(Beginning of GIVEN DATA)
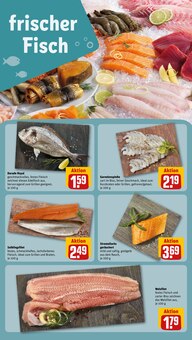 Lachs im aktuellen REWE Prospekt (Duisburg) Lachs im REWE Prospekt "Dein Markt" mit 33 Seiten (Duisburg)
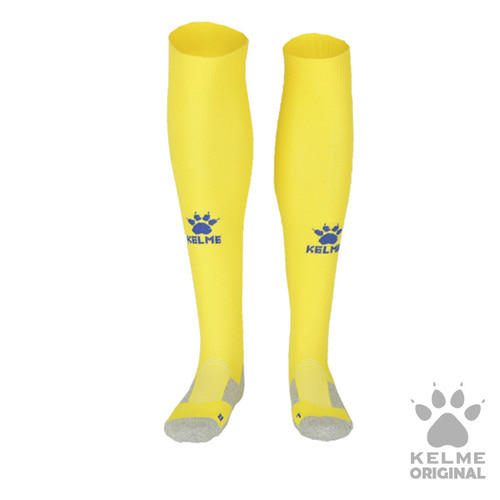 k15z908 Football Sock Yellow/Royal Blue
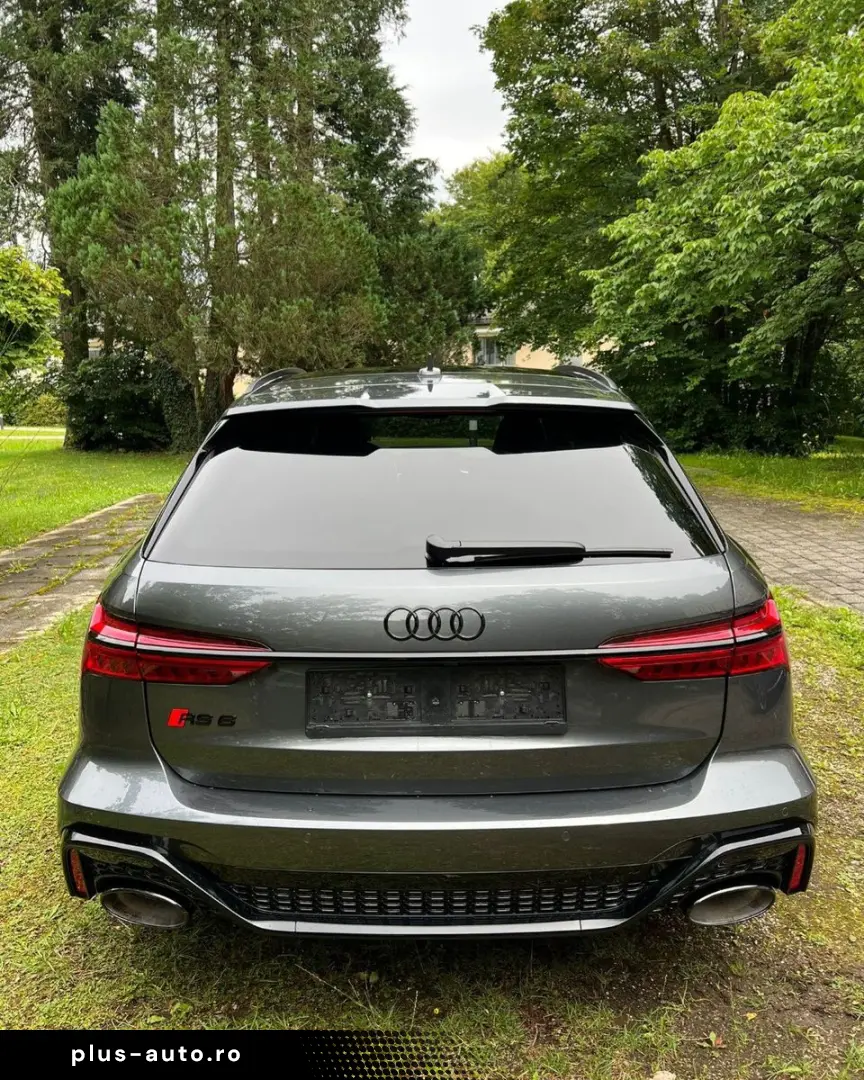 AUDI RS 6 Avant PERFO. KERAMIK V MAX 305 KM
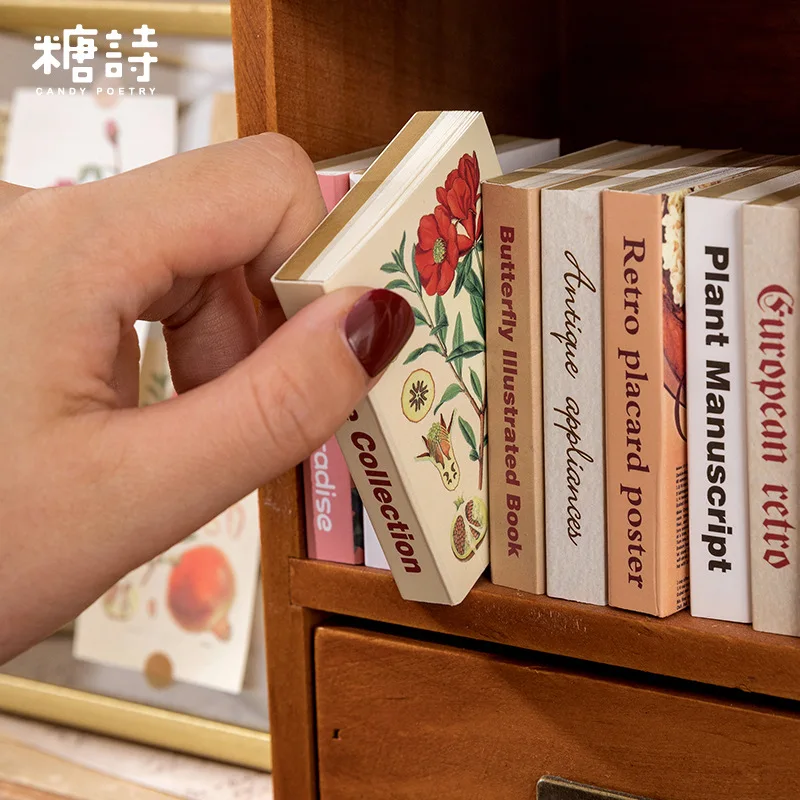 80 шт./книжка, винтажная Серия проекторов времени, из крафт-бумаги, дневник-блокнот для заметок, стационарные хлопья для скрапбукинга, декора...
80 шт./книжка, винтажная Серия проекторов времени, из крафт-бумаги, дневник-блокнот для заметок, стационарные хлопья для скрапбукинга, декора...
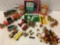 L ot of vintage wood children?s toys; Fisher Price, Playskool, Davis Magnet and Hook set in box, FP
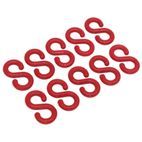 Sealey RSH10 Plastic Chain S-Hook Pack of 10 additional 1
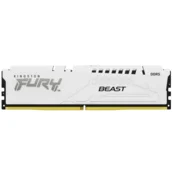 RAM DDR5 Kingston 16GB 5200MHz Fury Beast White KF552C40BW-16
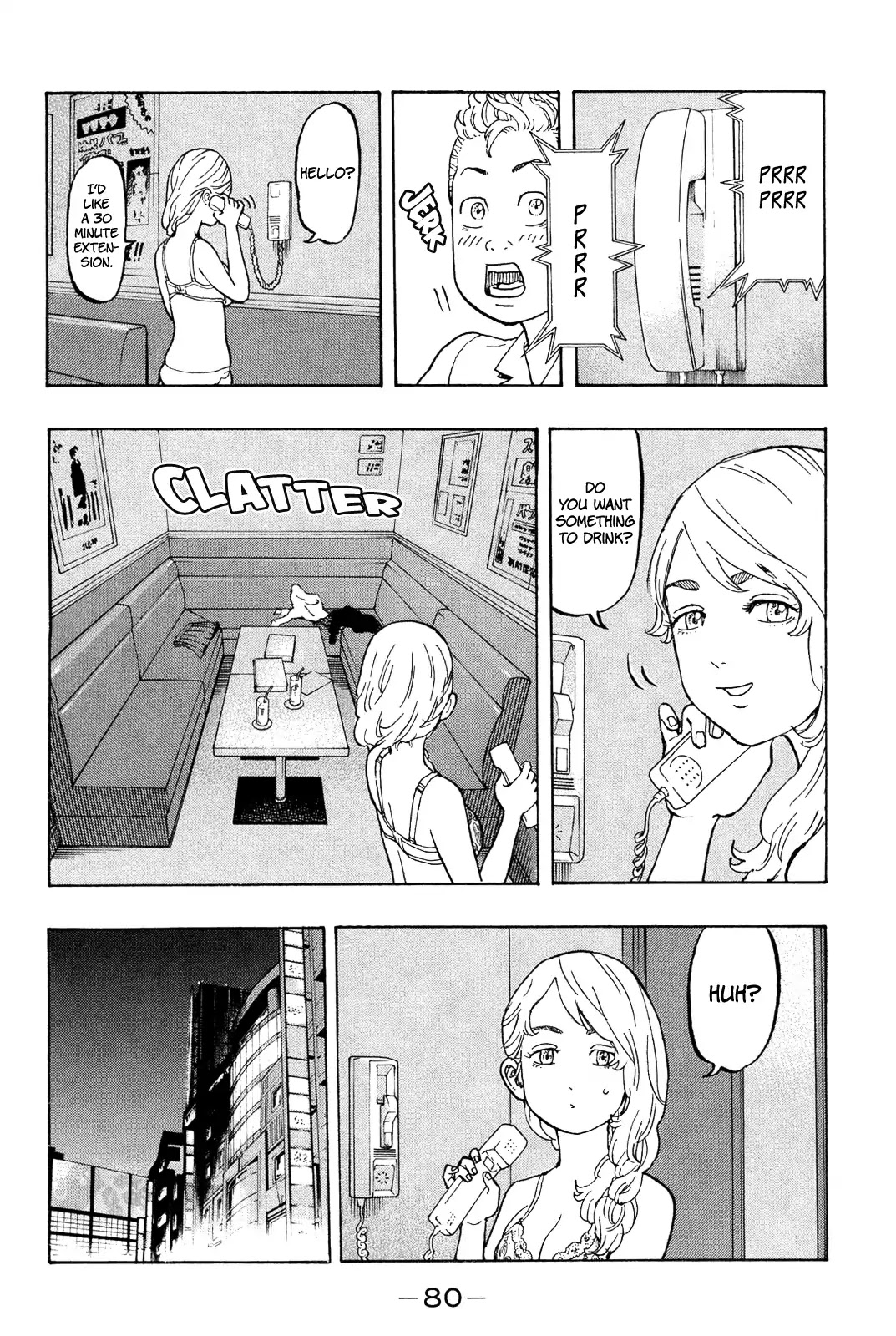 Tokyo Manji Revengers Chapter 10 page 3 - Chapter 10: Reply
(End of GIVEN DATA)
Output all of the data above exactly; no pictures should appear.

 Lachs im aktuellen REWE Prospekt (Duisburg) Lachs im REWE Prospekt "Dein Markt" mit 33 Seiten (Duisburg)
 k15z908 Football Sock Yellow/Royal Blue
 AUDI RS 6 Avant PERFO. KERAMIK V MAX 305 KM
 80 шт./книжка, винтажная Серия проекторов времени, из крафт-бумаги, дневник-блокнот для заметок, стационарные хлопья для скрапбукинга, декора...
80 шт./книжка, винтажная Серия проекторов времени, из крафт-бумаги, дневник-блокнот для заметок, стационарные хлопья для скрапбукинга, декора...
 L ot of vintage wood children?s toys; Fisher Price, Playskool, Davis Magnet and Hook set in box, FP
 Sealey RSH10 Plastic Chain S-Hook Pack of 10 additional 1
 RAM DDR5 Kingston 16GB 5200MHz Fury Beast White KF552C40BW-16
 Tokyo Manji Revengers Chapter 10 page 3 - Chapter 10: Reply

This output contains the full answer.